Under-represented pupils contribute to UCL’s ‘Twinkle’ space mission
Hundreds of pupils from under-represented backgrounds are contributing to UCL’s Twinkle space mission that will study hundreds of planets outside our solar system. Our ORBYTS education programme has been credited with significant improvements in Physics A Level results.
Under-represented pupils from schools across the UK are being given a unique opportunity to carry out cutting-edge science research as part of an innovative education programme linked to UCL’s Twinkle space mission, which is launching in 2022.
The Twinkle mission will study hundreds of planets orbiting stars outside our solar system, improving our understanding of their chemical composition, weather and history.
Original Research By Young Twinkle Students (ORBYTS), led by Professor Jonathan Tennyson (UCL Physics & Astronomy), offers school pupils the chance to enrich their, and our, understanding of these new worlds by carrying out original research as part of this mission.
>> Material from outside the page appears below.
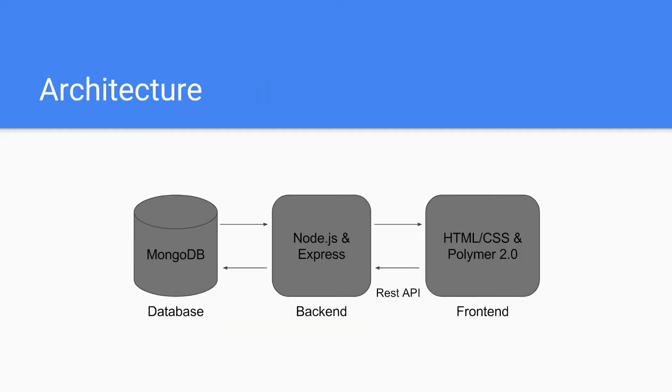And the architecture. At the database side we will have MongoDB. At the back-end we will have Node.js and Express. And then in the front-end we will have HTML, CSS and Polymer 2.0. We will use REST APIs to access the server-side services.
Against a backdrop of a shortage of UK physics teachers and lack of diversity within the UK space sector, ORBYTS gives pupils hands on experience of what’s involved in scientific research and by working closely with young scientists and challenges any preconceptions or stereotypes about who can become a scientist.
Over three quarters of pupils involved come from groups under-represented in physics and the programme has been credited with contributing to rising academic success in the schools involved.
In some cases, where pupils contribute towards a significant discovery, they are named as co-authors on peer-reviewed scientific papers which are published in reputable journals. In August 2019, for example, students at Hammersmith Academy discovered that gas emitted from newly formed stars share the same molecules as coffee.
Since the project’s launch over two years ago, ORBYTS has grown from partnering with a single state school in a low-income region to 18 school-researcher partnerships reaching 150 pupils per year.
The first school cohort (Higham’s Park School) completed A Levels in 2018. Despite the socio-economic challenges of the area and only one physics teacher in the school, the students were in the top 1% across the UK for improvement in physics.